Zio Ziegler, Et in Arcadia Ego, 2014, mixed media on canvas, 182,9x243,8 cm

Zio Ziegler, Et in Arcadia Ego, 2014, mixed media on canvas, 182,9×243,8 cm

Nell’arte di Zio Ziegler convivono, infatti, diverse anime. Se in opere come Figure without Expectations, Her Mystery, The Spring Time e Fate’s Intuition prevale un gusto arcaico memore della lezione del Modernismo europeo, in lavori come Et in Arcadia Ego, The Chains of Not Choosing e Portrait of Her si avvertono addirittura echi d’arte bizantina e preziosismi di marca Seccessionista viennese.

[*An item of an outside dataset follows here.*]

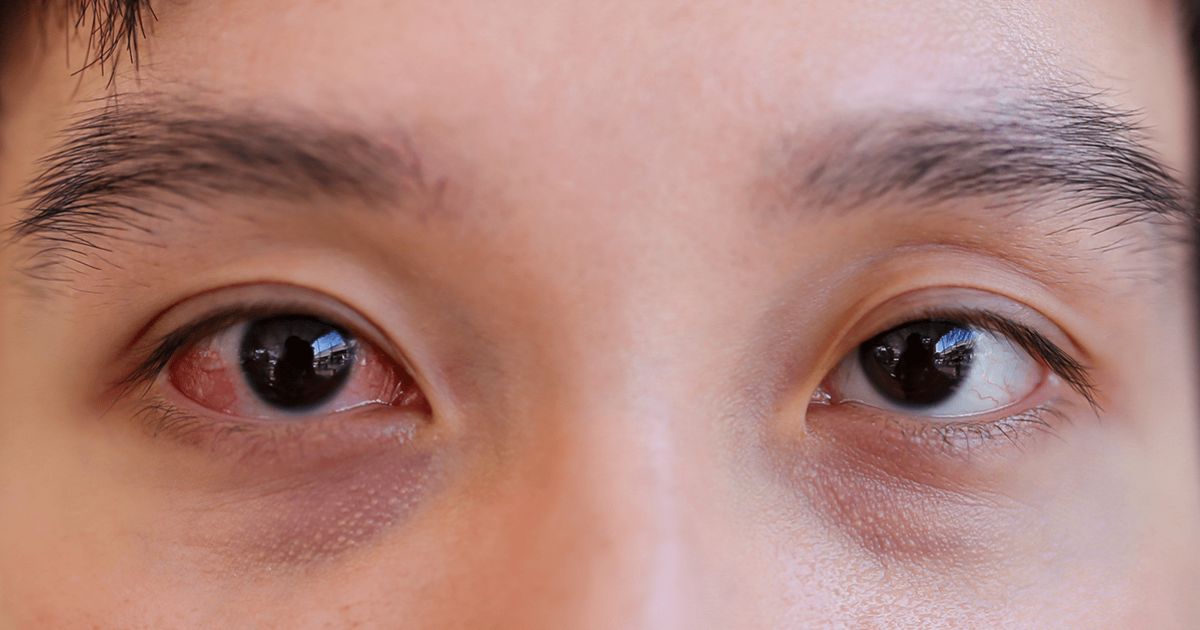 Với các ca đau mắt đỏ mức độ nhẹ, bệnh có thể tự thuyên giảm sau 7 - 10 ngày 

Come un surfista del web, abituato a saccheggiare l’immenso serbatoio iconografico di Google, il giovane artista californiano percorre in lungo e in largo tutta la Storia dell’arte in cerca d’ispirazione. Non è un caso che la sua tendenza ad accostare immagini diverse, richiami proprio la logica del cut & paste digitale, tanto evidente nei dipinti Pattern and Movement, When no Man is King Every Men is King, Wood Zigzag Black with Yellow e Portrait Consumed by Pattern. In fin dei conti, malgrado la sua avversione per le mode e la sua sincera ammirazione per i grandi maestri del passato, Ziegler è, più che mai, figlio del suo tempo. Uno dei pochi ad aver capito che combinare il presente col passato è l’unico modo di approdare a un’arte veramente autentica.